Contrary to popular belief, many veterans re-enter civilian life without enduring the struggles often reported in the news, according to The 2015 Veterans Civic Health Index. Commissioned by Got Your Six, an organization that works to combat negative stereotypes and empower veterans, the study also finds that veterans tend to be more civically healthy — more likely to volunteer, vote, involve themselves in local politics, belong to community groups and trust their neighbors — than non-veterans.
The report’s findings may have broad implications for vets seeking employment and their prospective employers. After all, it stands to reason that good citizens are likely to make good employees.
More Vets Are Finding Jobs — and Earning More
Overall, veterans have lower unemployment rates than non-veterans — 5.7 percent compared to 6.1 percent, respectively, revealed by The U.S. Department of Veterans Affairs 2015 Veteran Economic Opportunity Report. The unemployment rates of young veterans have steadily decreased for the past 18 months.

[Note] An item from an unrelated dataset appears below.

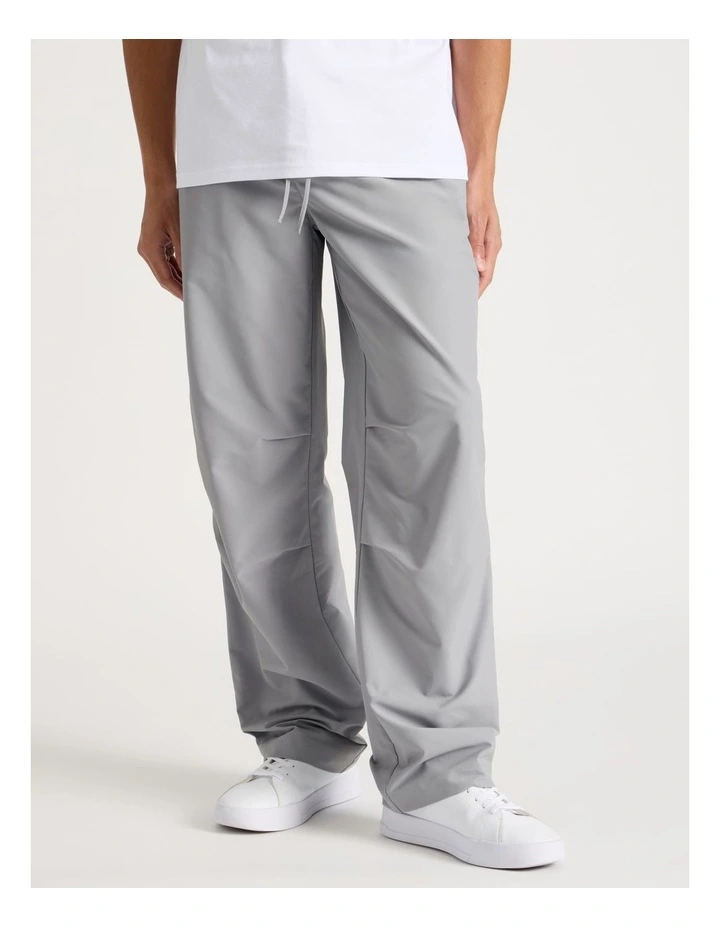 Wide Leg Pants in Grey image 2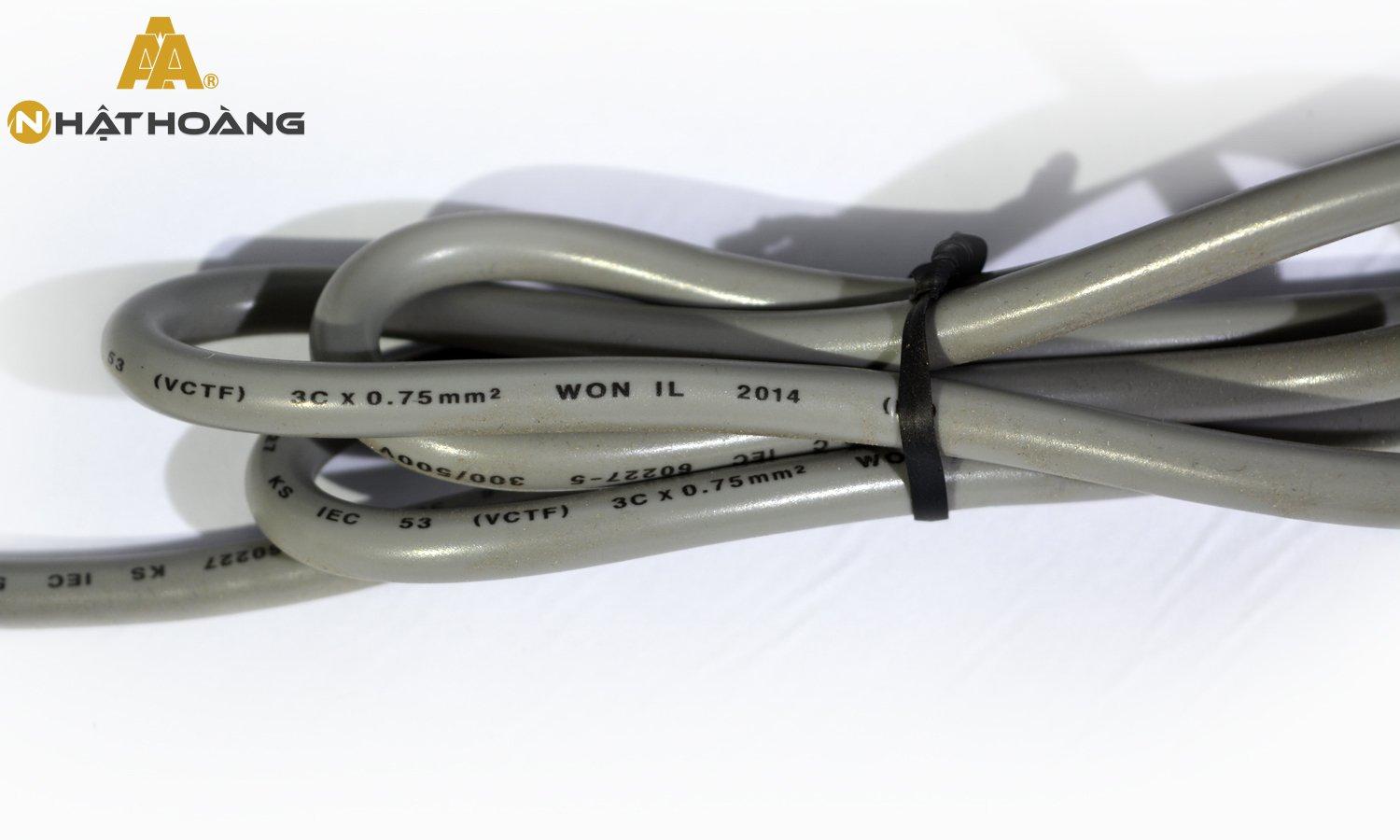 Amply Jarguar Suhyoung PA-203E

What’s more, the same report found that employed veterans under 35 take home 11 percent higher median earnings than their non-veteran peers.
Why Hire a Vet?
Responding to Jeremy Benders’ recent article in Business Insider, Jon Davis, a retired U.S. Marine sergeant and hiring manager, offered 10 reasons why hiring a vet makes sense for employers. He notes that veterans:
- Are committed to accomplishing their missions
- Have ingrained leadership talents
- Take their responsibilities seriously
- Are taught to be intuitive
- Will tell superiors when something is wrong
- Get the job done
- When given the necessary support, are extremely capable
- Know the meaning of hard work
- Are eligible for government-paid education
Vets Are Born Entrepreneurs
As it turns out, many of the same qualities that make veterans valuable employees, also serve them well as entrepreneurs. Sources including Military.com list a number of positive characteristics that lend themselves to entrepreneurial success. Among them, veterans:
- Possess strong leadership and technological skills
- Perform efficiently under pressure
- Are focused
- Respect policies, procedures and hierarchies
- Are comfortable working with colleagues from diverse backgrounds
- Are team players
- Value integrity and commitment
- Don’t give up easily
Increasingly, veteran entrepreneurs are putting these strengths to work. Veterans run nearly one in ten small businesses, and the Small Business Association tells us that veterans are 45 percent more likely than non-veterans to be self-employed, according to the U.S. Census. Impressively, veteran-owned businesses employ 5.8 million people and earn $1.2 trillion in receipts.
Vets Have So Much to Give
These statistics are welcome news for U.S. Army veteran, Chris Marvin, managing director of Got Your Six. As Marvin recently told the Washington Post, "It’s important for all of us to provide counterpoints to the misconceptions we have been told [about veterans] for years and years … We want people to know that we are not a population that requires services. But a population that has services to offer."